On 5/4/20 5:15 PM, Christophe de Dinechin wrote:
> On 4 Mar 2020, at 13:50, Daniel P. Berrangé <berrange(a)redhat.com> wrote:
>
> We've been doing alot of refactoring of code in recent times, and also
> have plans for significant infrastructure changes. We still need to
> spend time delivering interesting features to users / applications.
> This mail is to introduce an idea for a solution to an specific
> area applications have had long term pain with libvirt's current
> "mechanism, not policy" approach - device addressing. This is a way
> for us to show brand new ideas & approaches for what the libvirt
> project can deliver in terms of management APIs.
>
> To set expectations straight: I have written no code for this yet,
> merely identified the gap & conceptual solution.
>
>
> The device addressing problem
> =============================
>
> One of the key jobs libvirt does when processing a new domain XML
> configuration is to assign addresses to all devices that are present.
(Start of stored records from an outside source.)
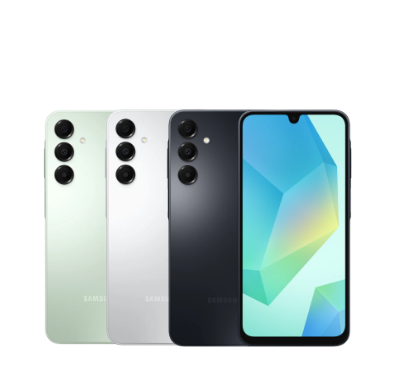 Galaxy A16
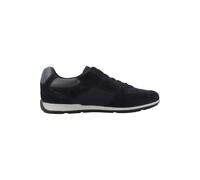 Geox - U IONIO B, Zapatillas Hombre, Navy,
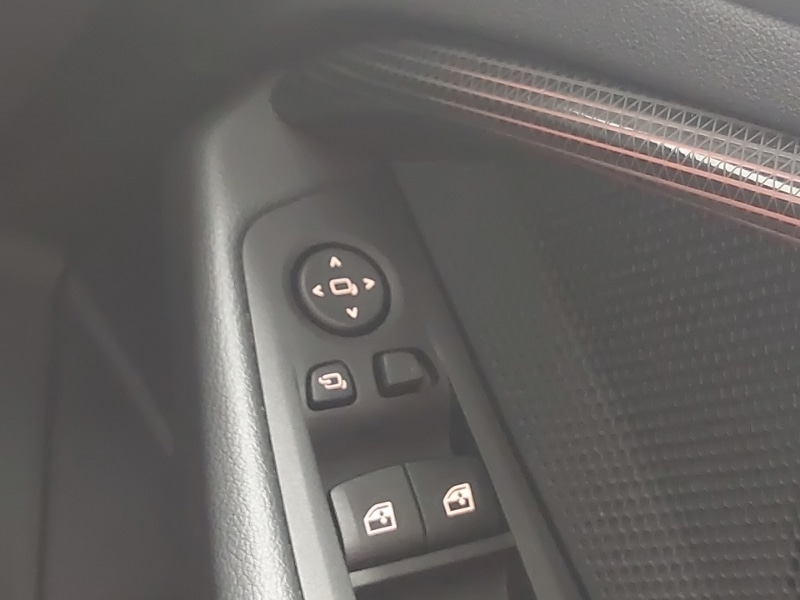 Used BMW 1 Series 2022 for sale - 76619169: Photo 17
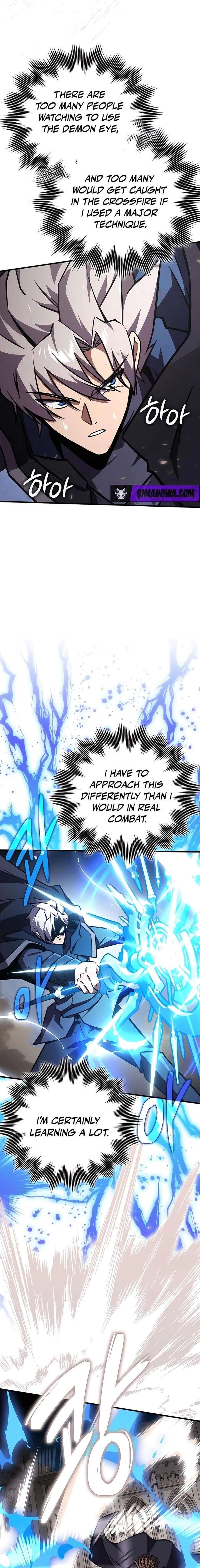 ch 51 20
> This involves adding various device controllers (PCI bridges, PCI root
> ports, IDE/SCSI buses, USB controllers, etc) if they are not already
> present, and then assigning PCI, USB, IDE, SCSI, etc, addresses to each
> device so they are associated with controllers. When libvirt spawns a
> QEMU guest, it will pass full address information to QEMU.
>
> Libvirt, as a general rule, aims to avoid defining and implementing
> policy around expansion of guest configuration / defaults, however, it
> is inescapable in the case of device addressing due to the need to
> guarantee a stable hardware ABI to make live migration and save/restore
> to disk work. The policy that libvirt has implemented for device
> addressing is, as much as possible, the same as the addressing scheme
> QEMU would apply itself.
>
> While libvirt succeeds in its goal of providing a stable hardware API,
> the addressing scheme used is not well suited to all deployment
> scenarios of QEMU. This is an inevitable result of having a specific
> assignment policy implemented in libvirt which has to trade off mutually
> incompatible use cases/goals.
>
> When the libvirt addressing policy is not been sufficient, management
> applications are forced to take on address assignment themselves,
> which is a massive non-trivial job with many subtle problems to
> consider.
>
> Places where libvirt's addressing is insufficient for PCI include
>
> * Setting up multiple guest NUMA nodes and associating devices to
> specific nodes
> * Pre-emptive creation of extra PCIe root ports, to allow for later
> device hotplug on PCIe topologies
> * Determining whether to place a device on a PCI or PCIe bridge
> * Controlling whether a device is placed into a hotpluggable slot
> * Controlling whether a PCIe root port supports hotplug or not
> * Determining whether to places all devices on distinct slots or
> buses, vs grouping them all into functions on the same slot
> * Ability to expand the device addressing without being on the
> hypervisor host
>
> Libvirt wishes to avoid implementing many different address assignment
> policies. It also wishes to keep the domain XML as a representation
> of the virtual hardware, not add a bunch of properties to it which
> merely serve as tunable input parameters for device addressing
> algorithms.
>
> There is thus a dilemma here. Management applications increasingly
> need fine grained control over device addressing, while libvirt
> doesn't want to expose fine grained policy controls via the XML.
>
>
> The new libvirt-devaddr API
> ===========================
>
> The way out of this is to define a brand new virt management API
> which tackles this specific problem in a way that addresses all the
> problems mgmt apps have with device addressing and explicitly
> provides a variety of policy impls with tunable behaviour.
>
> By "new API", I actually mean an entirely new library, completely
> distinct from libvirt.so, or anything else we've delivered so
> far. The closest we've come to delivering something at this kind
> of conceptual level, would be the abortive attempt we made with
> "libvirt-builder" to deliver a policy-driven API instead of mechanism
> based. This proposal is still quite different from that attempt.
>
> At a high level
>
> * The new API is "libvirt-devaddr" - short for "libvirt device
addressing"
>
> * As input it will take
>
> 1. The guest CPU architecture and machine type
> 2. A list of global tunables specifying desired behaviour of the
> address assignment policy
> 3. A minimal list of devices needed in the virtual machine, with
> optional addresses and optional per-device tunables to override
> the global tunables
>
> * As output it will emit
>
> 1. fully expanded list of devices needed in the virtual machine,
> with addressing information sufficient to ensure stable hardware ABI
>
> Initially the API would implement something that behaves the same
> way as libvirt's current address assignment API.
>
> The intended usage would be
>
> * Mgmt application makes a minimal list of devices they want in
> their guest
> * List of devices is fed into libvirt-devaddr API
> * Mgmt application gets back a full list of devices & addresses
> * Mgmt application writes a libvirt XML doc using this full list &
> addresses
> * Mgmt application creates the guest in libvirt
+Adrian, +Andrea, +Michal
It dawned on me that kata may provide an additional “borderline”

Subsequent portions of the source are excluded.